►
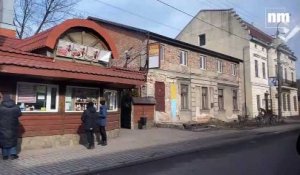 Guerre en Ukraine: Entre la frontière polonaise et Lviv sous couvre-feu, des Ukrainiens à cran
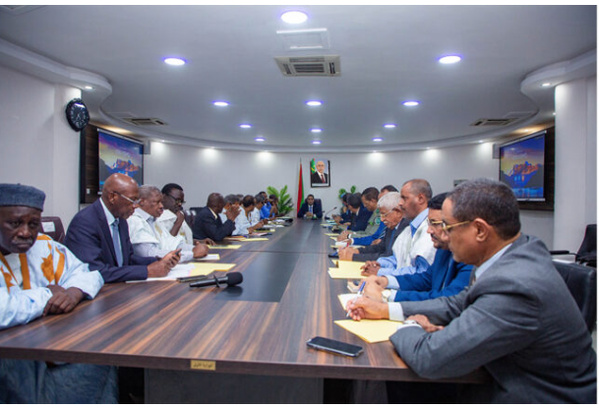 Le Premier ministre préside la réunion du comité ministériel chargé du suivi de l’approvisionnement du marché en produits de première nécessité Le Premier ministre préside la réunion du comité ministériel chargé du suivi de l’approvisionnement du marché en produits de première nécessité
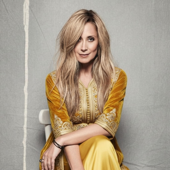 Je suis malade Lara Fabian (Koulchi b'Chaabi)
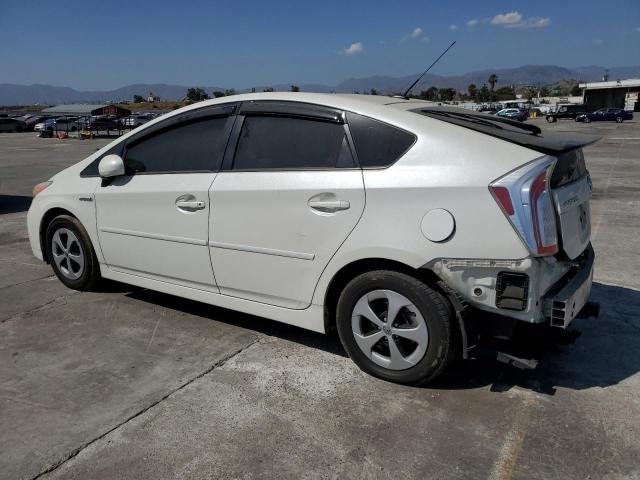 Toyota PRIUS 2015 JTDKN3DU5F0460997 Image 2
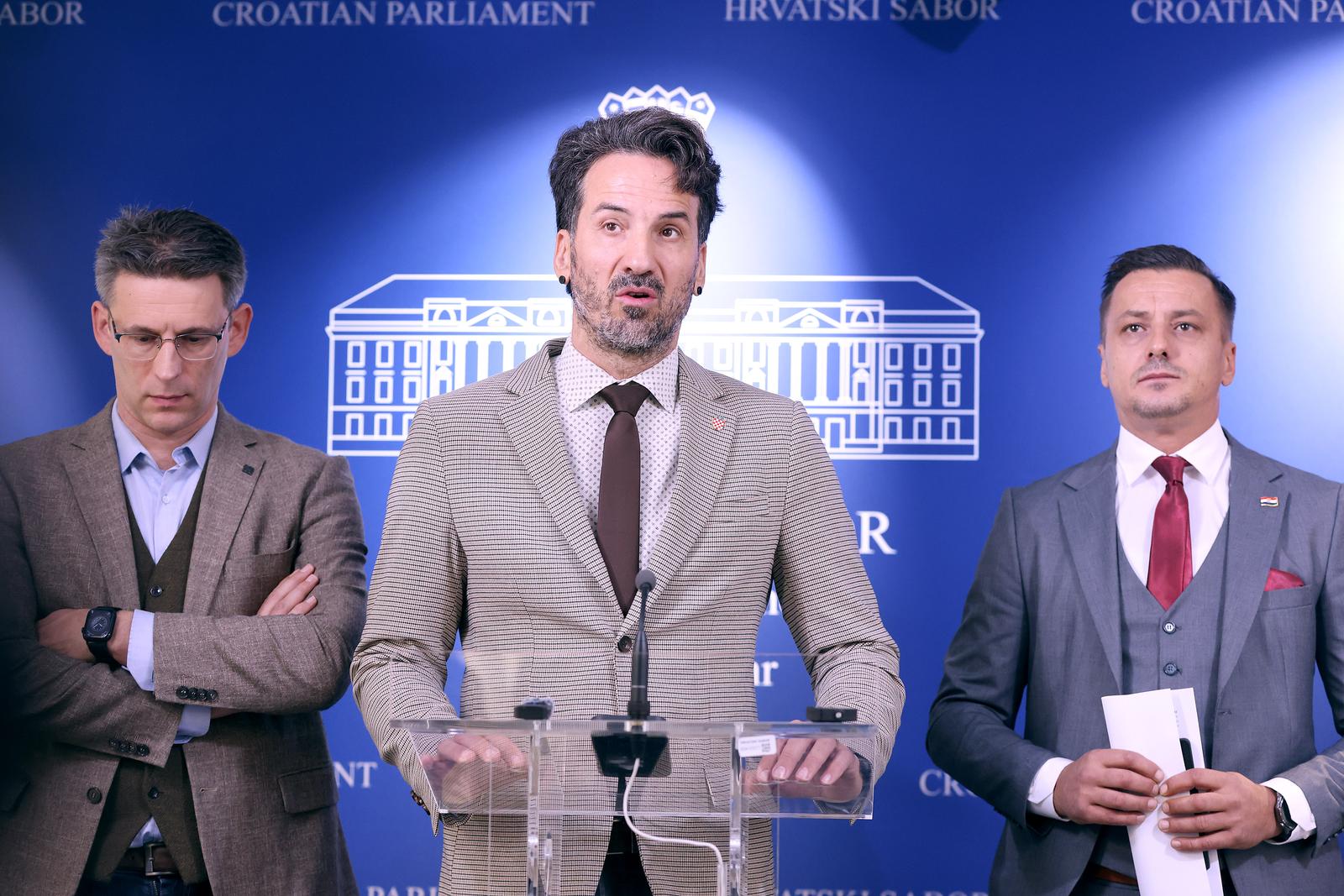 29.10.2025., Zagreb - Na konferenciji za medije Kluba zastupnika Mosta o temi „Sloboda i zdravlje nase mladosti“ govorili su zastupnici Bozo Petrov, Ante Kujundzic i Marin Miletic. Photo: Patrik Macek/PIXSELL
◄
►
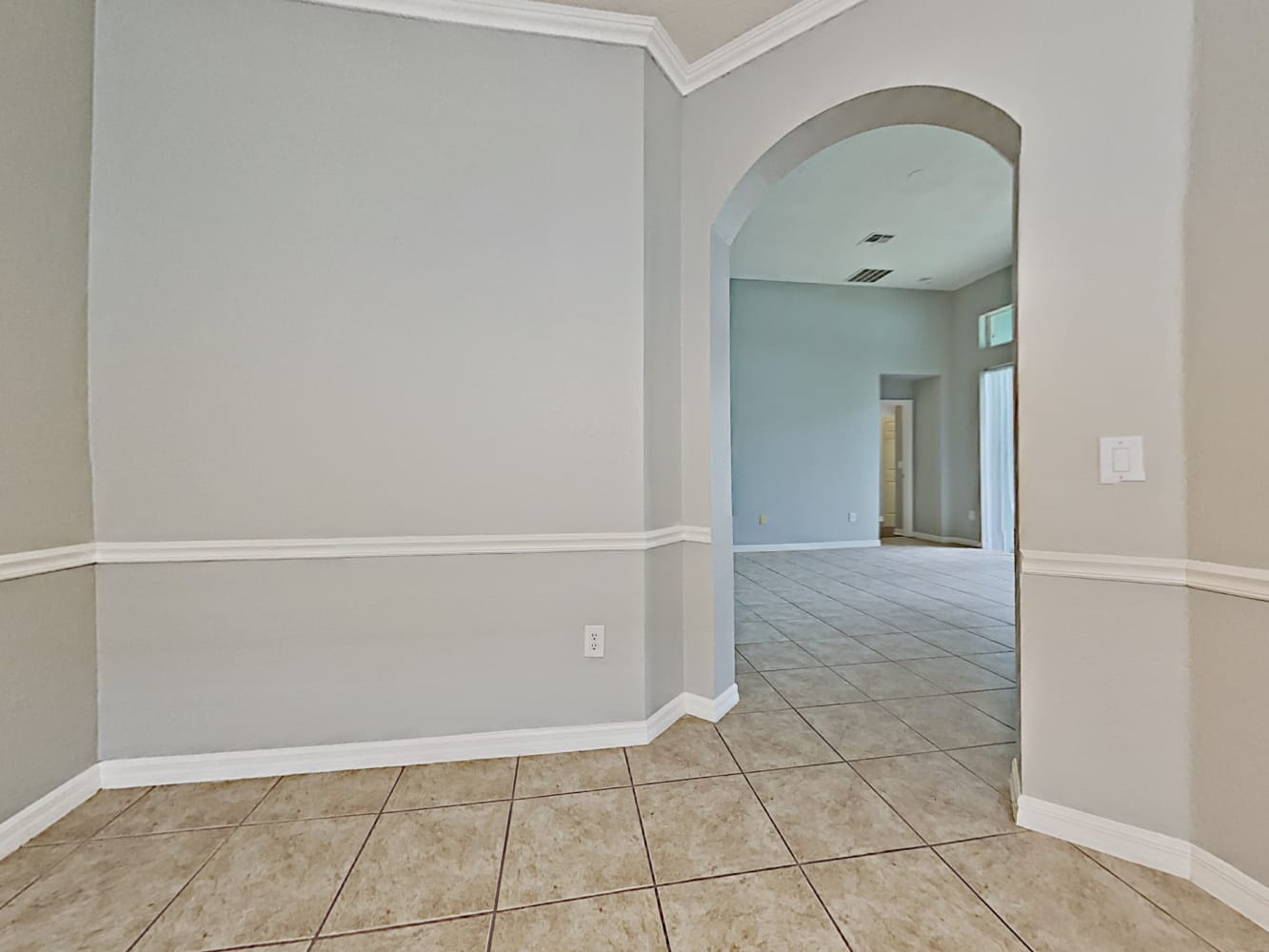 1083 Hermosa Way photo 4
◄
● **What the task asks**: Above are some records; extract exactly the lines from the one containing "Toyota PRIUS 2015 JTDKN3DU5F0460997 Image 2" through the one containing "29.10.2025., Zagreb - Na" and drop the pictures.

● **Task solution**:
 Toyota PRIUS 2015 JTDKN3DU5F0460997 Image 2
 29.10.2025., Zagreb - Na konferenciji za medije Kluba zastupnika Mosta o temi „Sloboda i zdravlje nase mladosti“ govorili su zastupnici Bozo Petrov, Ante Kujundzic i Marin Miletic. Photo: Patrik Macek/PIXSELL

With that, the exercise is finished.